** PROVIDED MATERIAL follows **

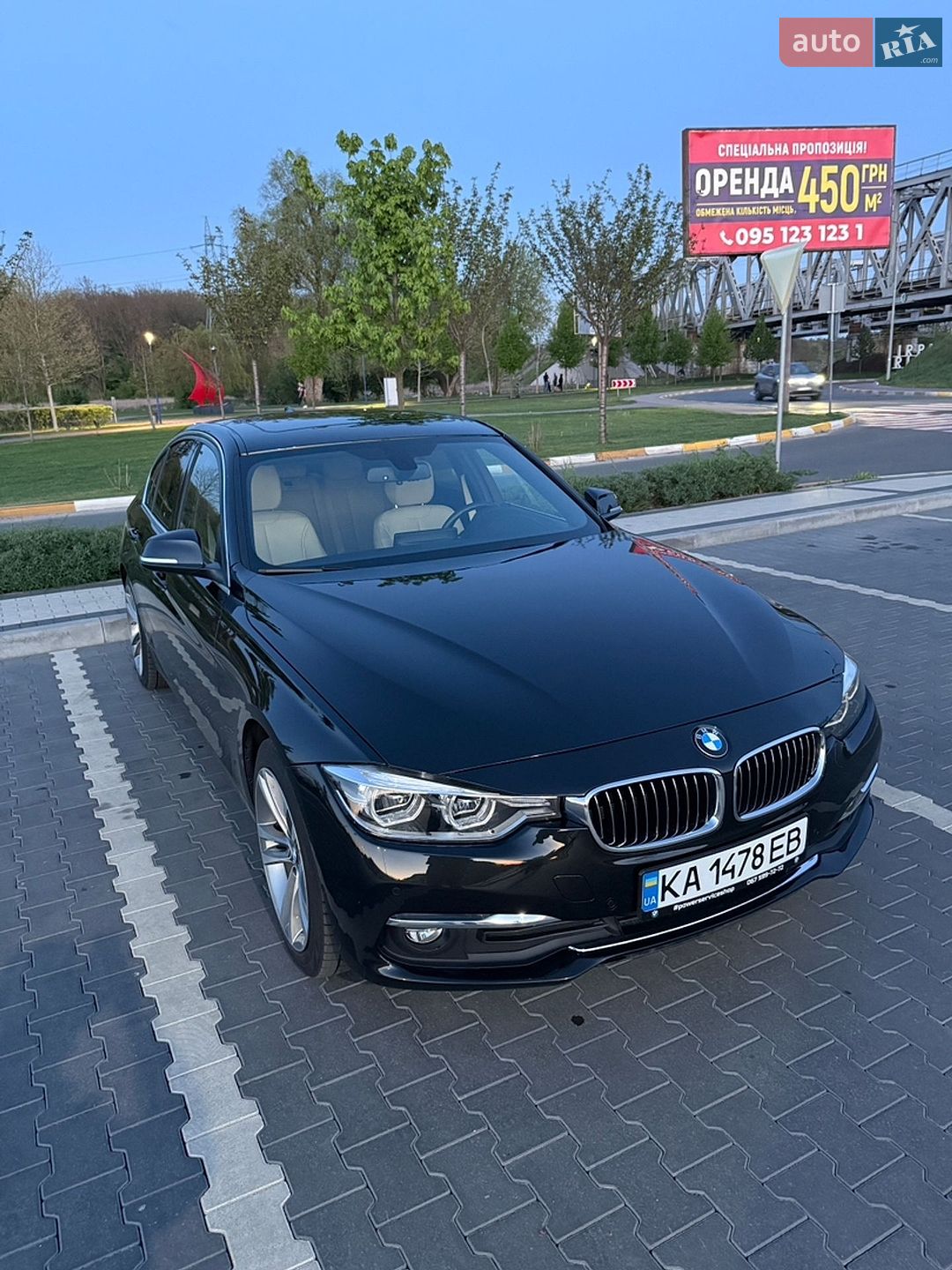 BMW 3 Series 2018 VIN WBA8D9C54JA615727 фото оголошення 5 з 39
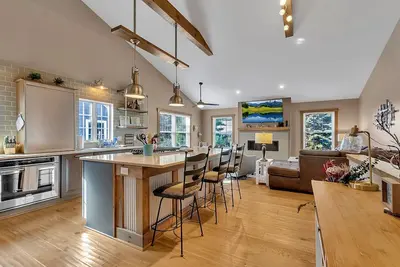 Image de Luxurious 3-Bedroom Townhouse, Walk to Village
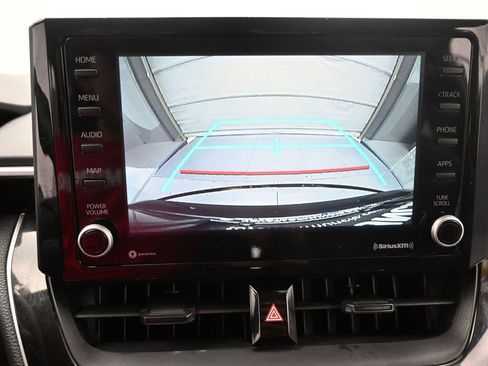 Used 2022 Toyota Corolla LE image 25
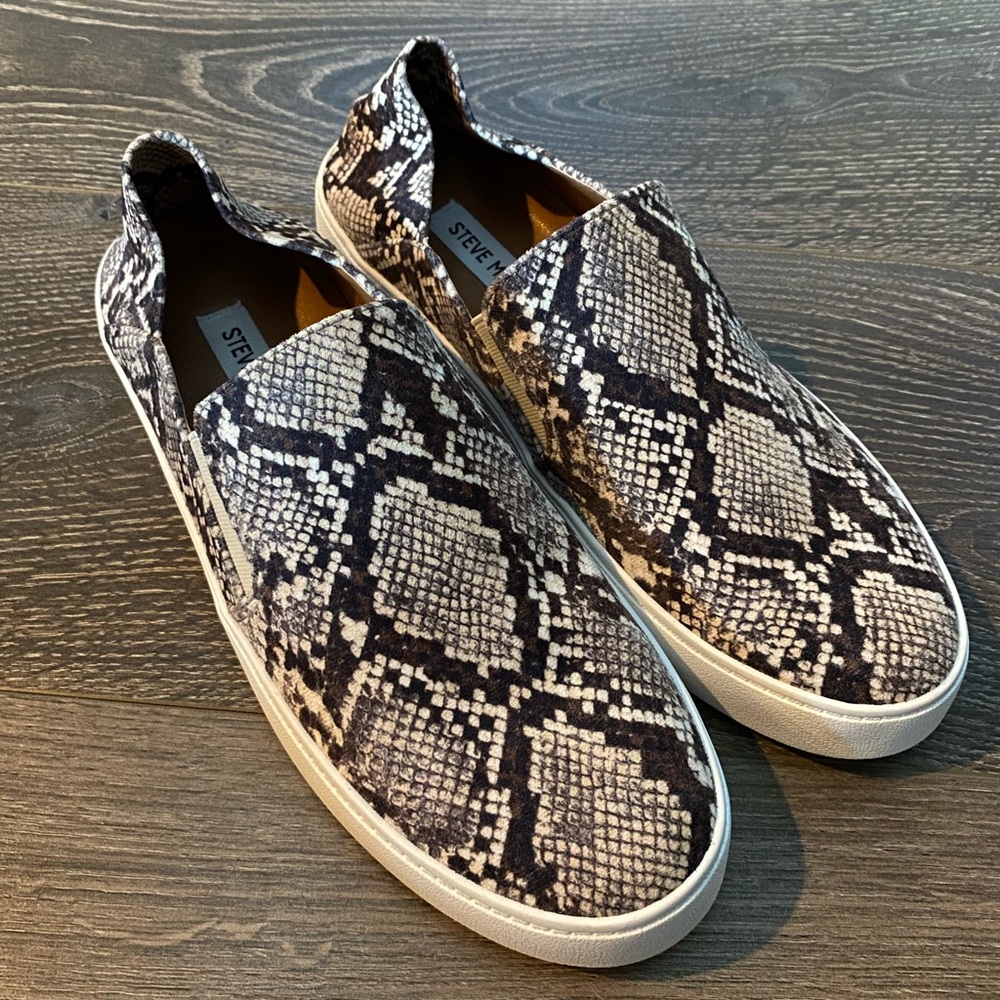 Steve Madden Snakeskin print slip on sneakers 9.5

** End of PROVIDED MATERIAL **

> TASK STATEMENT
Reproduce, word for word, every line from the one that contains "Used 2022 Toyota Corolla LE image 25" to the end of the data, including both ends; omit all pictures.

> RESULT OF THIS TASK
 Used 2022 Toyota Corolla LE image 25
 Steve Madden Snakeskin print slip on sneakers 9.5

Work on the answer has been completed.